## Entries supplied

● ● ● ●

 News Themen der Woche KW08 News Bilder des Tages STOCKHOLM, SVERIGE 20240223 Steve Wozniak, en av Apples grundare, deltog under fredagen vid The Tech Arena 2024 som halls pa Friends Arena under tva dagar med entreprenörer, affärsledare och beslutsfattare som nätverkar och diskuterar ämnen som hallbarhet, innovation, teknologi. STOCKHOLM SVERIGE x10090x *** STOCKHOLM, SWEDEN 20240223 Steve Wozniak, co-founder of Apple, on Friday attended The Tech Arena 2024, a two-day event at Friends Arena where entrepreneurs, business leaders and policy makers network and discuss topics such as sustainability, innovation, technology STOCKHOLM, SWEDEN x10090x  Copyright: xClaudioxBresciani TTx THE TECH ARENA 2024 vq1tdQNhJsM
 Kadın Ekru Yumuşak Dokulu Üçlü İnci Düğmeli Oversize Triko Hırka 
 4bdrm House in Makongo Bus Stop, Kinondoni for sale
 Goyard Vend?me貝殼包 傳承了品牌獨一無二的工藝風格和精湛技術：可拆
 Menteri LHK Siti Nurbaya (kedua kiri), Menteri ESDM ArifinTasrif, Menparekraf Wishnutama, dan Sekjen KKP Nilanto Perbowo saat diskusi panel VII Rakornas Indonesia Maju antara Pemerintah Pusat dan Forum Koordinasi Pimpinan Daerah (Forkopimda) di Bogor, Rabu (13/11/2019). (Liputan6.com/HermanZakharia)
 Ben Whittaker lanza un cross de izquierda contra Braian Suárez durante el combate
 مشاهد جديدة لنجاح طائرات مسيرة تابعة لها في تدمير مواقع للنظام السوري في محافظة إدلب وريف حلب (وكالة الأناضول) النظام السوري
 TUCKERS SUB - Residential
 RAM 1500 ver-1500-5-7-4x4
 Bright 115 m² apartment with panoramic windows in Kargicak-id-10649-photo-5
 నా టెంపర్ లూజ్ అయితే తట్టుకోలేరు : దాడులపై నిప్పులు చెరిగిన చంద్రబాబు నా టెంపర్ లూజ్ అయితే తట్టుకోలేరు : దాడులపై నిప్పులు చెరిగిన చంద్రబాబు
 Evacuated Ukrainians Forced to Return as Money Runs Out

● ● ● ●

## Aim of the exercise
Output all of the data without altering a single line.

## Written solution
 News Themen der Woche KW08 News Bilder des Tages STOCKHOLM, SVERIGE 20240223 Steve Wozniak, en av Apples grundare, deltog under fredagen vid The Tech Arena 2024 som halls pa Friends Arena under tva dagar med entreprenörer, affärsledare och beslutsfattare som nätverkar och diskuterar ämnen som hallbarhet, innovation, teknologi. STOCKHOLM SVERIGE x10090x *** STOCKHOLM, SWEDEN 20240223 Steve Wozniak, co-founder of Apple, on Friday attended The Tech Arena 2024, a two-day event at Friends Arena where entrepreneurs, business leaders and policy makers network and discuss topics such as sustainability, innovation, technology STOCKHOLM, SWEDEN x10090x  Copyright: xClaudioxBresciani TTx THE TECH ARENA 2024 vq1tdQNhJsM
 Kadın Ekru Yumuşak Dokulu Üçlü İnci Düğmeli Oversize Triko Hırka 
 4bdrm House in Makongo Bus Stop, Kinondoni for sale
 Goyard Vend?me貝殼包 傳承了品牌獨一無二的工藝風格和精湛技術：可拆
 Menteri LHK Siti Nurbaya (kedua kiri), Menteri ESDM ArifinTasrif, Menparekraf Wishnutama, dan Sekjen KKP Nilanto Perbowo saat diskusi panel VII Rakornas Indonesia Maju antara Pemerintah Pusat dan Forum Koordinasi Pimpinan Daerah (Forkopimda) di Bogor, Rabu (13/11/2019). (Liputan6.com/HermanZakharia)
 Ben Whittaker lanza un cross de izquierda contra Braian Suárez durante el combate
 مشاهد جديدة لنجاح طائرات مسيرة تابعة لها في تدمير مواقع للنظام السوري في محافظة إدلب وريف حلب (وكالة الأناضول) النظام السوري
 TUCKERS SUB - Residential
 RAM 1500 ver-1500-5-7-4x4
 Bright 115 m² apartment with panoramic windows in Kargicak-id-10649-photo-5
 నా టెంపర్ లూజ్ అయితే తట్టుకోలేరు : దాడులపై నిప్పులు చెరిగిన చంద్రబాబు నా టెంపర్ లూజ్ అయితే తట్టుకోలేరు : దాడులపై నిప్పులు చెరిగిన చంద్రబాబు
 Evacuated Ukrainians Forced to Return as Money Runs Out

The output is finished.